# Convolutional Neural Network for House Plant Identification

In [1]:
import pandas as pd
import numpy as np

import re
import time
import cv2

import os
import requests
from bs4 import BeautifulSoup
import selenium
from selenium import webdriver
import contextlib

from keras.models import Sequential
from keras.layers.normalization import BatchNormalization
from keras.layers.convolutional import Conv2D
from keras.layers.convolutional import MaxPooling2D
from keras.layers.core import Activation, Flatten, Dropout, Dense
from keras import backend as K
from keras.preprocessing.image import ImageDataGenerator
from keras.optimizers import Adam

import tensorflow as tf
import keras
from keras.utils import to_categorical
from keras.models import Sequential, Model
from keras.layers import Dense, Dropout, Conv2D, MaxPool2D, Flatten, Conv3D, MaxPool3D, AveragePooling2D
from keras.layers import Conv2D, MaxPooling2D, Input, Concatenate, Conv1D

from PIL import Image
import urllib
from sklearn.model_selection import train_test_split

from sklearn import preprocessing

## Webscrapping Google Images

### Basic scrapper to collect common houseplant names and relevant information

In [2]:
page = "https://www.guide-to-houseplants.com/house-plants-encyclopedia-a-z.html"
result = requests.get(page)

soup = BeautifulSoup(result.content, "html.parser")

plants = []
plants_true = []
plant_link = []

for plant in soup.find_all('i'):
    try:
        sip = plant.find_previous_sibling()
        plants.append(sip.get_text())
        plants_true.append(plant.get_text())
        plant_link.append(sip.get('href'))
    except:
        continue

info_df = pd.DataFrame()

info_df['plant'] = plants
info_df['latin'] = plants_true
info_df = info_df[info_df.plant != 'Botanical Name']
info_df['url'] = plant_link

In [9]:
def create_features(url):
    result = requests.get(url)
    soup = BeautifulSoup(result.content, "html.parser")
    final = {}

    for row in soup.find_all('p'):
        if row.find('b'):
            if row.find('b').get_text() == 'Water:':
                text = row.get_text() 
                final['Water'] = text.replace("Water: ", "")
            if row.find('b').get_text() == 'Light:':
                text = row.get_text() 
                final['Light'] = text.replace("Light: ", "")
            if row.find('b').get_text() == 'Soil:':
                text = row.get_text() 
                final['Soil'] = text.replace("Soil: ", "")
            final['url'] = url
    return final

info_df['info'] = info_df.url.apply(create_features)

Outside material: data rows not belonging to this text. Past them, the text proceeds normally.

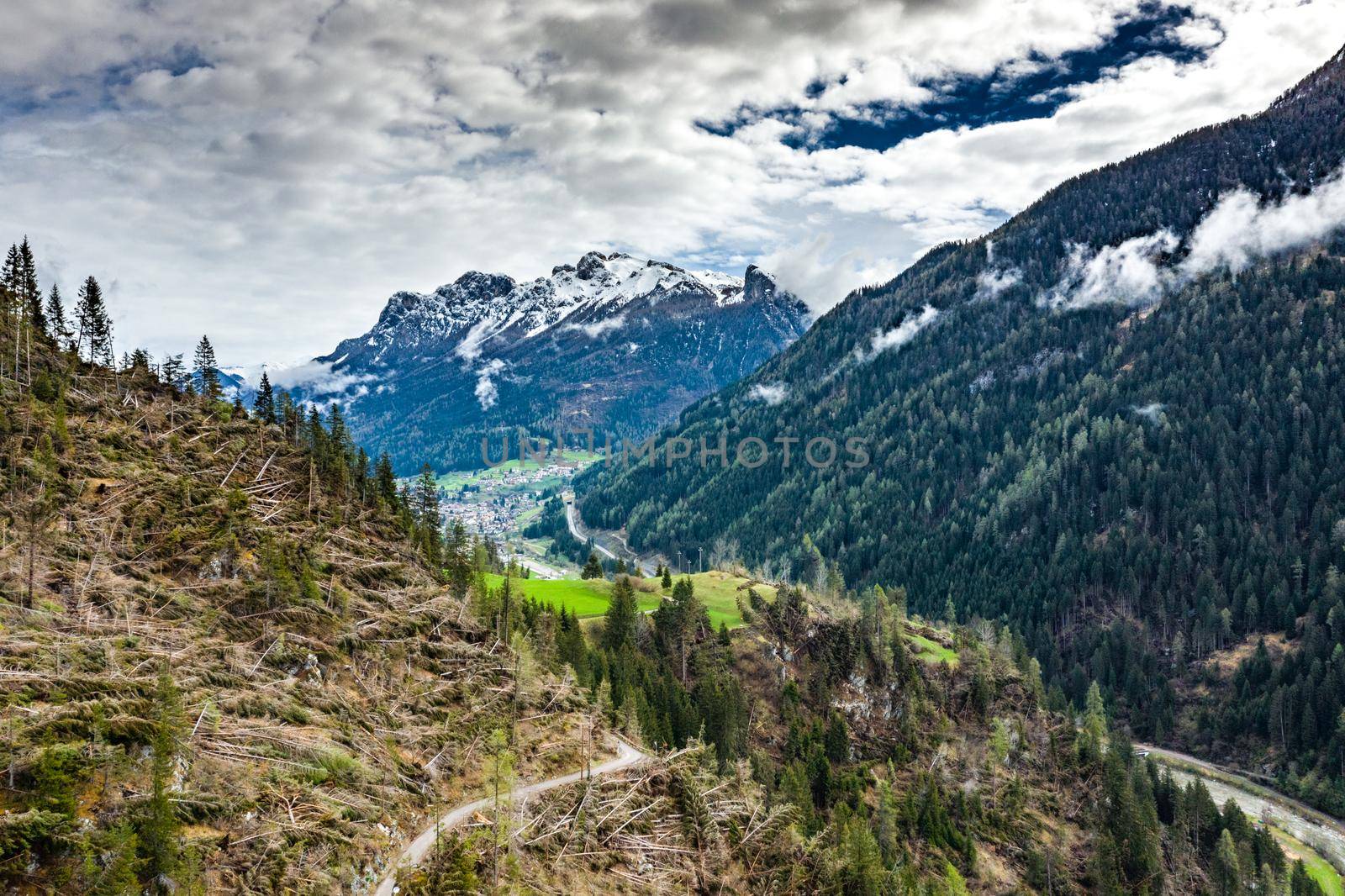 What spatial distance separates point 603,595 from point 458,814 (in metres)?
88.3

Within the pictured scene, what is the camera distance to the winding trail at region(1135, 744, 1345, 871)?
4321 inches

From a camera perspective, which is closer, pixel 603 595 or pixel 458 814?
pixel 458 814

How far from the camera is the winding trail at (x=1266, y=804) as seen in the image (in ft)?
360

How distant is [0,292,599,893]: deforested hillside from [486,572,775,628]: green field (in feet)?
151

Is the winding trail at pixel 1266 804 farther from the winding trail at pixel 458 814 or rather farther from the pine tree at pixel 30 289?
the pine tree at pixel 30 289

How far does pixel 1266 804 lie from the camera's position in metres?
122

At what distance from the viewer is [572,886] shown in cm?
3288

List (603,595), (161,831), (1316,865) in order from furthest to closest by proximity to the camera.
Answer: (603,595) < (1316,865) < (161,831)

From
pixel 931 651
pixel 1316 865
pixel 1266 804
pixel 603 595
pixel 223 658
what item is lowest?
pixel 1266 804

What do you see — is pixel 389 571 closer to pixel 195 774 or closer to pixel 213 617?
pixel 213 617

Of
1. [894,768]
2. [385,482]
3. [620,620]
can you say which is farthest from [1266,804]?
[385,482]

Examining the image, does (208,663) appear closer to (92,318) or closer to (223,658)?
(223,658)

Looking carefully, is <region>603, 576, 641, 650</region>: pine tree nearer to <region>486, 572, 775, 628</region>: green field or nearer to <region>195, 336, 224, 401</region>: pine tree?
<region>486, 572, 775, 628</region>: green field

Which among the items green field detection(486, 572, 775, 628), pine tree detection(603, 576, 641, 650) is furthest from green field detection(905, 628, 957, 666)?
pine tree detection(603, 576, 641, 650)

info_series = info_df['info'].dropna().apply(pd.Series)
info_df = info_df.join( pd.DataFrame(info_series).set_index('url'), on='url' )
info_df.to_csv('info_df')

### Scrapping Google Images

In [24]:
# This is the path I use
DRIVER_PATH = r'C:\Users\David\Downloads\chromedriver_win32\chromedriver'
wd = webdriver.Chrome(executable_path=DRIVER_PATH)

In [25]:
def fetch_image_urls(query:str, max_links_to_fetch:int, wd:webdriver, sleep_between_interactions:int=1):
    
    def scroll_to_end(wd):
        wd.execute_script("window.scrollTo(0, document.body.scrollHeight);")
        time.sleep(sleep_between_interactions)    

    #Load the right page
    search_url = "https://www.google.com/search?safe=off&site=&tbm=isch&source=hp&q={q}&oq={q}&gs_l=img"
    wd.get(search_url.format(q=query))

    image_urls = set()
    image_count = 0
    results_start = 0
    while image_count < max_links_to_fetch:
        scroll_to_end(wd)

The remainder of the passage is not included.